Ara Pacis Initiative
Rome, Protomoteca del Campidoglio, April 20th 2010
Task Force: Justice and Peacemaking
Participants: Robert Rotberg, Jaime Malamud-Goti, Mohammad Imam, Latifah Anum Siregar, Stefano Amore
Summary:
Social harmony depends on creating justice for victims and enabling victims to find a way
to forgive.
Social harmony can only be achieved through empowering victims through a restorative
justice system. This is a necessary step for reconciliation and forgiveness. If justice is the
acknowledgment of what has been done to the victims, then justice is necessary for
reconciliation, and it makes the restoration of human dignity possible, especially in the case
of women. Forgiveness is a further step down the path. In this sense there can be no
forgiveness and social reconciliation without justice first. It would be best for the
achievement of full justice to have first short trials and then truth commissions. They both
must have a strong and direct impact on the population, so that the need for restoration
would be satisfied. We were then asking ourselves if these truth commission could have an
international dimension, but our opinion is skeptical. Apart from legitimacy problems of
international commission solving interstate conflicts, we think that the truth commissions in
order to be perceived as truthful and therefore have the requisite authority, must be close to
the conflict and to the community.
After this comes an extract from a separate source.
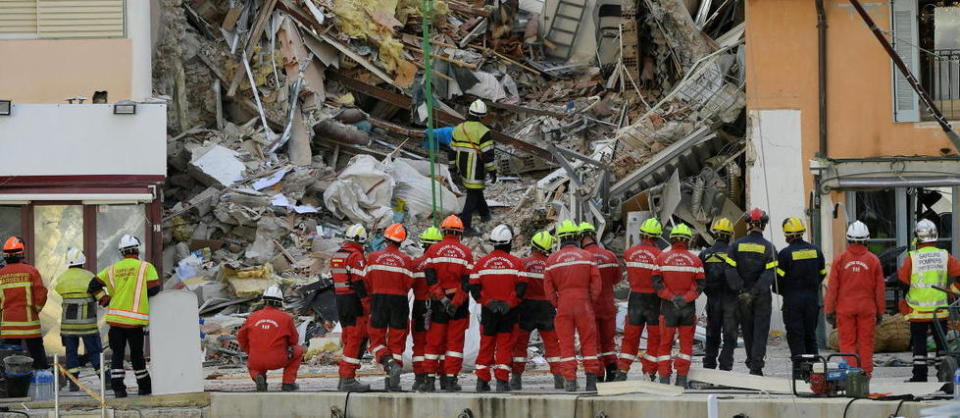 Un immeuble s'est effondré après une explosion, mardi 7 décembre 2021, à Sanary-sur-Mer dans le Var.
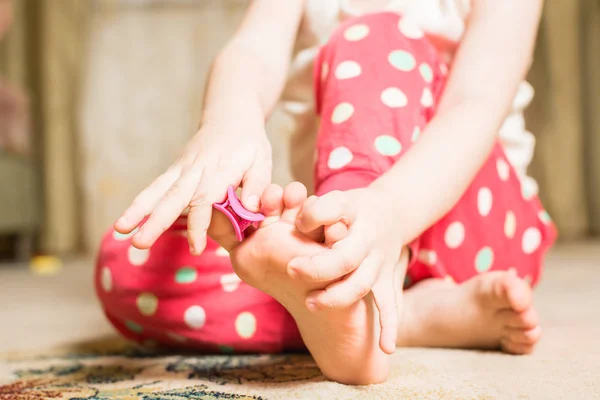 Small feet of child playing on the floor. — Stock Photo, Image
That's why you need a domestic and local authority.
People and victims won't recognize as truthful the results of international truth proceedings.
An international commission may be useful only to bring reparative justice to areas where
there are no local commissions, as long as they have authority through recognition from the
parliament and in their composition and there are members of that community who are close to the conflict.